[PROBLEM STATEMENT]
A verbatim copy of the records is required, with all pictures left out.

--- --- ---

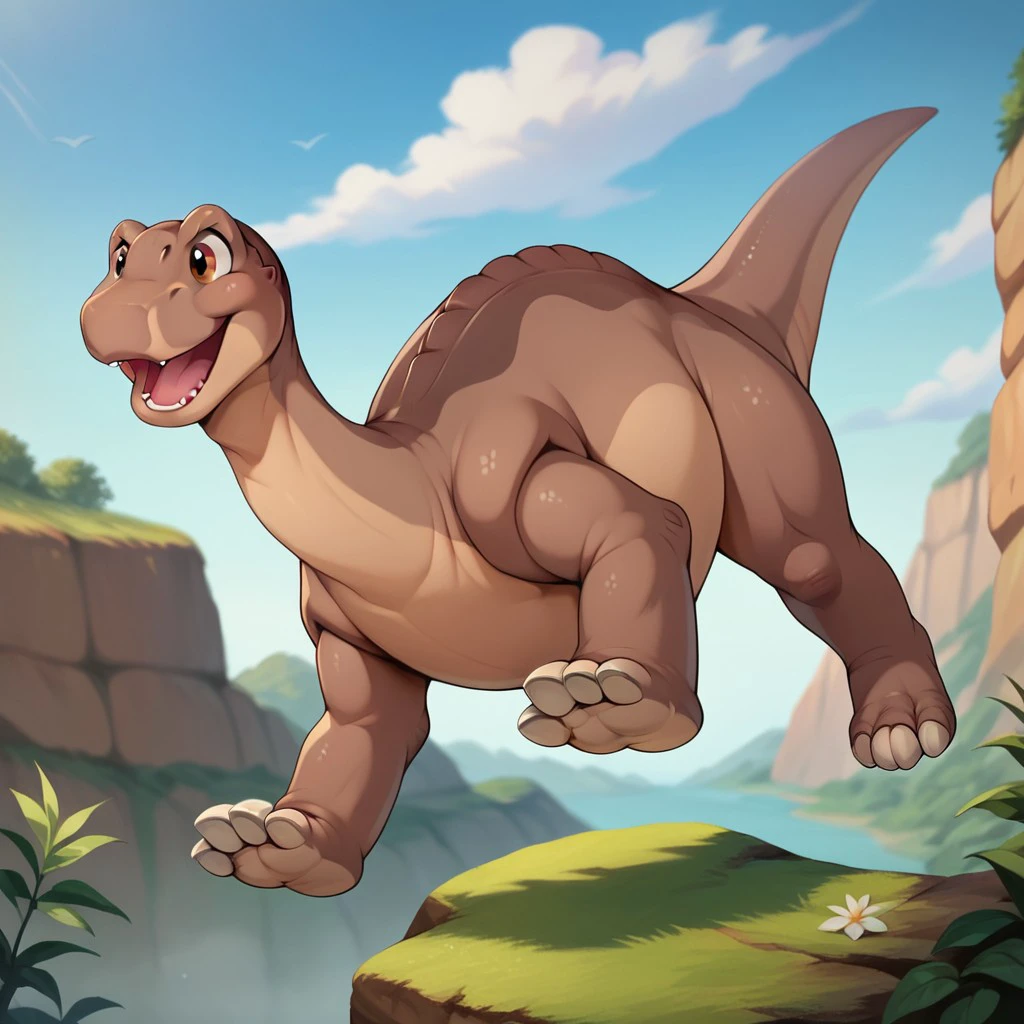 score_9, score_8_up, score_7_up, score_6_up, score_5_up, score_4_up, source_furry, littlefootlbtv2, feral, male, Apatosaurus, scalie, dinosaur, sauropod, brown skin, red-brown eyes, outside, happy, jumping, <lora:d52f8b35-28c4-4ade-b09c-1f0eba5562f2:0.7>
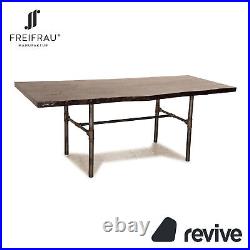 Wood Dining Table Dark Brown Industrial Style Loft Metal Frame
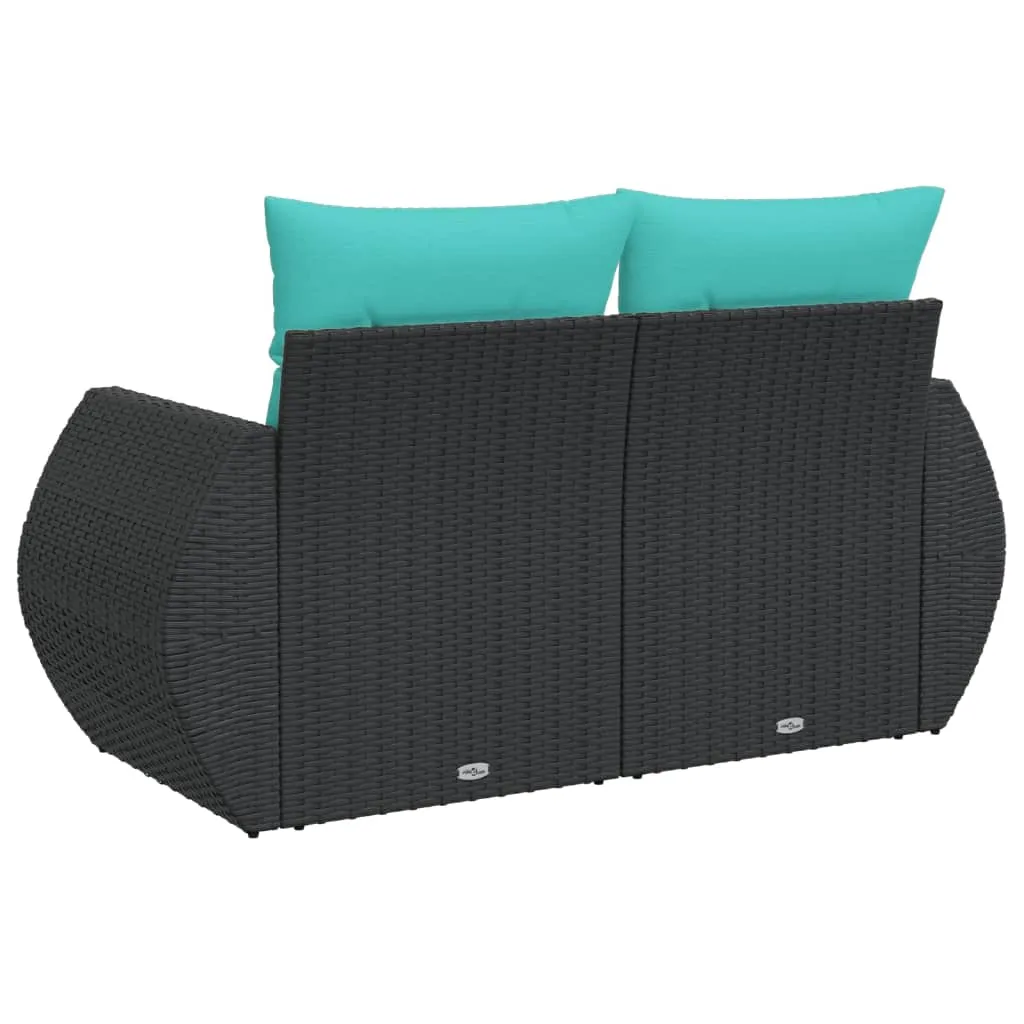Patio Sofa with Cushions 2-Seater Black Poly Rattan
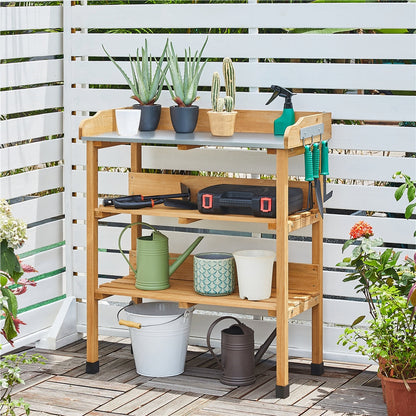 Rolling Potting Bench 3-Tier Wooden Garden Workstation Waist-High Galvanized Metal Top Lockable Casters for Garden, Patio and Yard Use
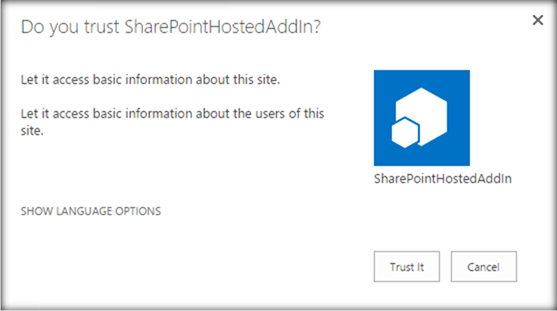The SharePoint Hosted add-in has come up in the app catalog.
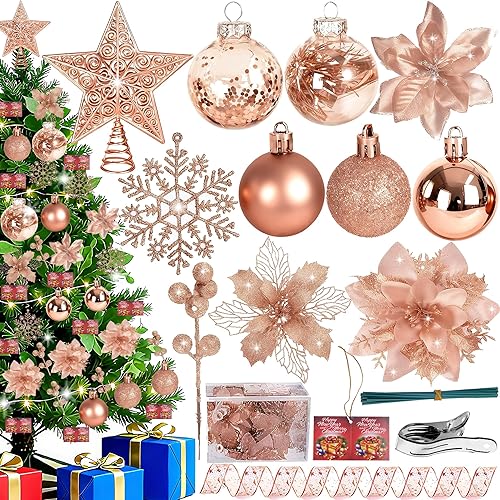 Miniatura 8 de Juego de 76 piezas de decoraciones para árbol de Navidad, adornos colgantes dorados con bolas de plástico inastillables a granel, flores de pascua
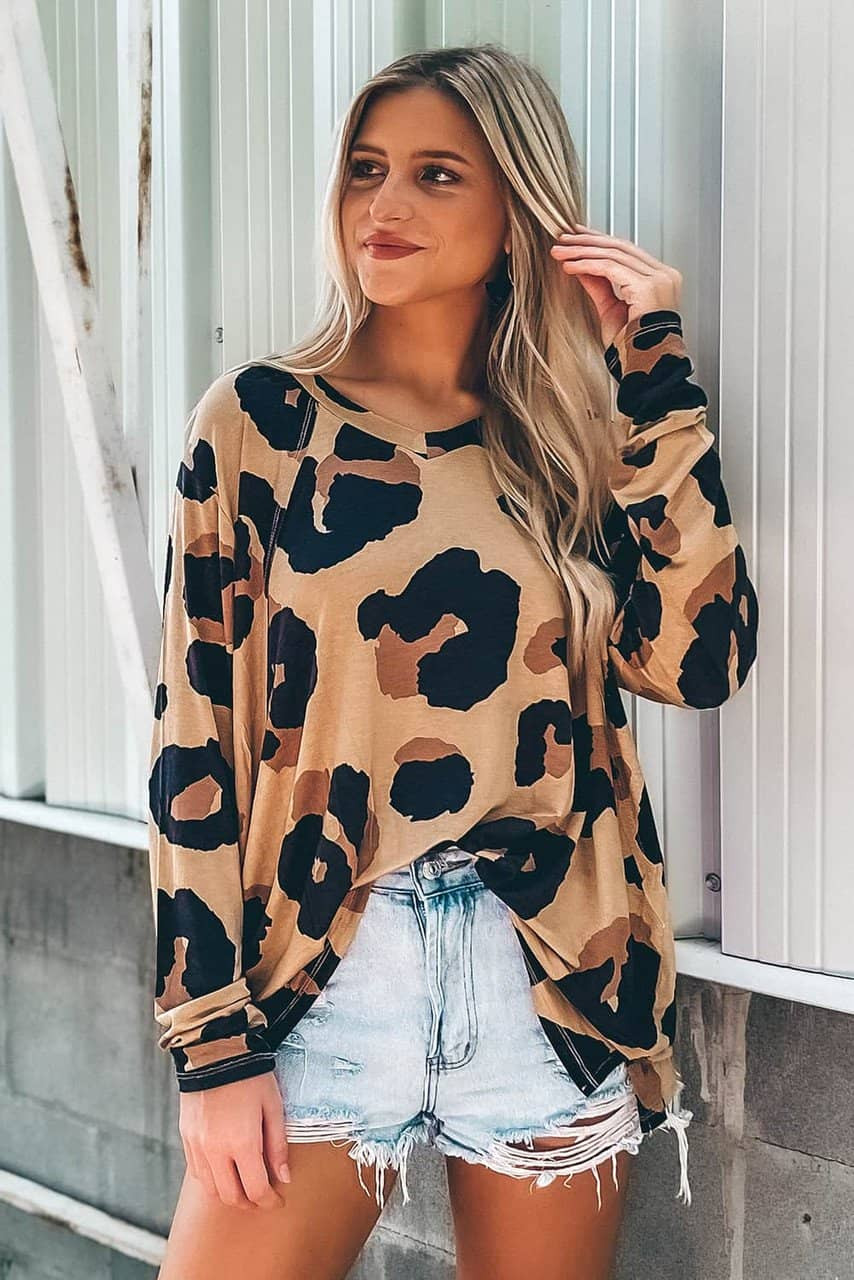Leopard Print Long Sleeve Loose Top Leopard Print Long Sleeve Loose Top
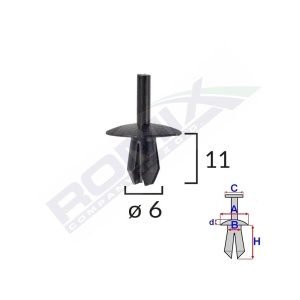CLIPS FIXARE ELEMENTE EXTERIOARE PENTRU OPEL/MERCEDES/RENAULT - NEGRU SET 10 BUC - Img 2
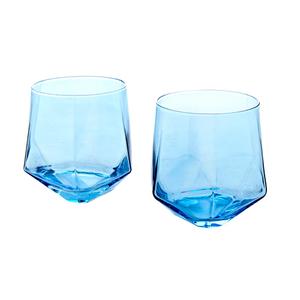 Tabletops Gallery Facet DOF Glass Set – Blue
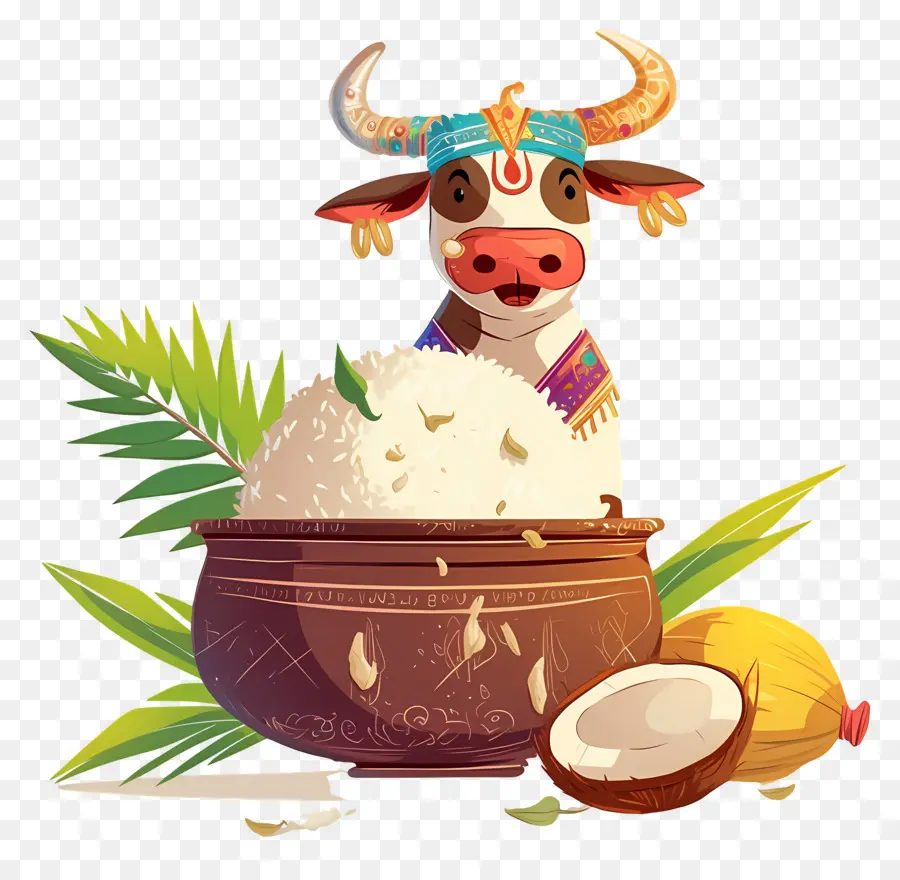 Pongal，Vaca Com Panela De Arroz PNG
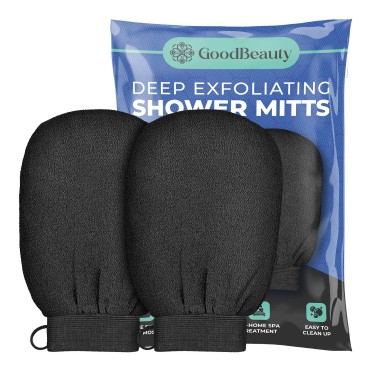 GoodBeauty 2 Pack Shower Exfoliating Gloves Bath Massage Scrubbing, Shower Exfoliating Mitt for Men Women Shower Body Scrub, Unclog Deep Pore Gentle Viscose Fiber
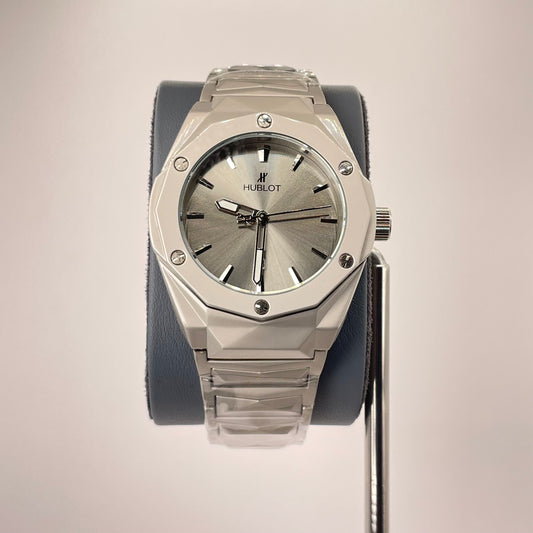 Hublot Premium Quartz - Silver Diamond Cut Chain - Titanium Grey Edition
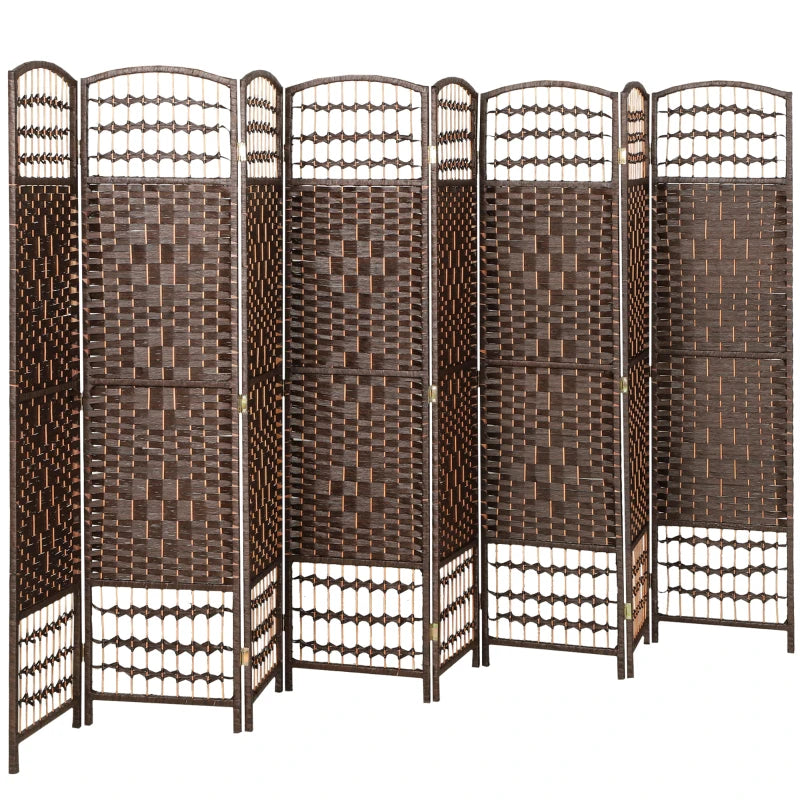 8 Panel Folding Room Divider, Portable Privacy Screen, Wave Fiber Room Partition for Home Office, Brown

--- --- ---

[TASK SOLUTION]
 score_9, score_8_up, score_7_up, score_6_up, score_5_up, score_4_up, source_furry, littlefootlbtv2, feral, male, Apatosaurus, scalie, dinosaur, sauropod, brown skin, red-brown eyes, outside, happy, jumping, <lora:d52f8b35-28c4-4ade-b09c-1f0eba5562f2:0.7>
 Wood Dining Table Dark Brown Industrial Style Loft Metal Frame
Patio Sofa with Cushions 2-Seater Black Poly Rattan
 Rolling Potting Bench 3-Tier Wooden Garden Workstation Waist-High Galvanized Metal Top Lockable Casters for Garden, Patio and Yard Use
The SharePoint Hosted add-in has come up in the app catalog.
 Miniatura 8 de Juego de 76 piezas de decoraciones para árbol de Navidad, adornos colgantes dorados con bolas de plástico inastillables a granel, flores de pascua
Leopard Print Long Sleeve Loose Top Leopard Print Long Sleeve Loose Top
CLIPS FIXARE ELEMENTE EXTERIOARE PENTRU OPEL/MERCEDES/RENAULT - NEGRU SET 10 BUC - Img 2
 Tabletops Gallery Facet DOF Glass Set – Blue
 Pongal，Vaca Com Panela De Arroz PNG
 GoodBeauty 2 Pack Shower Exfoliating Gloves Bath Massage Scrubbing, Shower Exfoliating Mitt for Men Women Shower Body Scrub, Unclog Deep Pore Gentle Viscose Fiber
 Hublot Premium Quartz - Silver Diamond Cut Chain - Titanium Grey Edition
 8 Panel Folding Room Divider, Portable Privacy Screen, Wave Fiber Room Partition for Home Office, Brown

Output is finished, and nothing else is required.